▸ **ACTIVITY**: Could you print exactly the lines of the listing below, starting at the line that has "Bouteilles Isothermes Manger" and ending at the line that has "Bags in Progress - Micro Tote - Silver", and only those lines?

*** Opening EXTRACTED MATERIAL ***

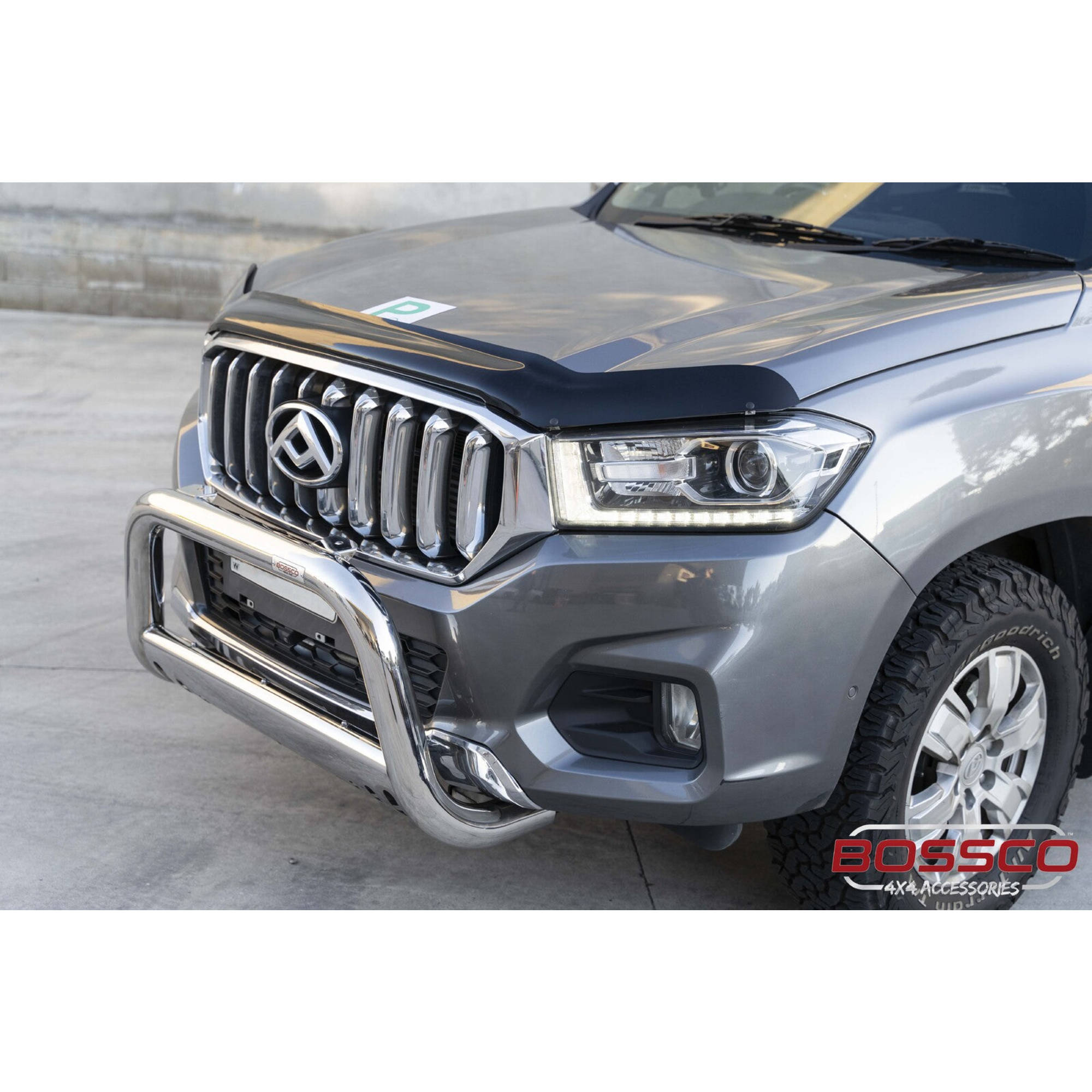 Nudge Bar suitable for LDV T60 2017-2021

*** Closing EXTRACTED MATERIAL ***
*** Opening EXTRACTED MATERIAL ***

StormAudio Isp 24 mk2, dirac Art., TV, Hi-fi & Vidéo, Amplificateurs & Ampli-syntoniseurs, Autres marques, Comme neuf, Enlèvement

*** Closing EXTRACTED MATERIAL ***
*** Opening EXTRACTED MATERIAL ***

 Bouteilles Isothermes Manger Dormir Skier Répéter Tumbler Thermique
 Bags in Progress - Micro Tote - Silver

*** Closing EXTRACTED MATERIAL ***

▸ **RESULT FOR THIS TASK**:
 Bouteilles Isothermes Manger Dormir Skier Répéter Tumbler Thermique
 Bags in Progress - Micro Tote - Silver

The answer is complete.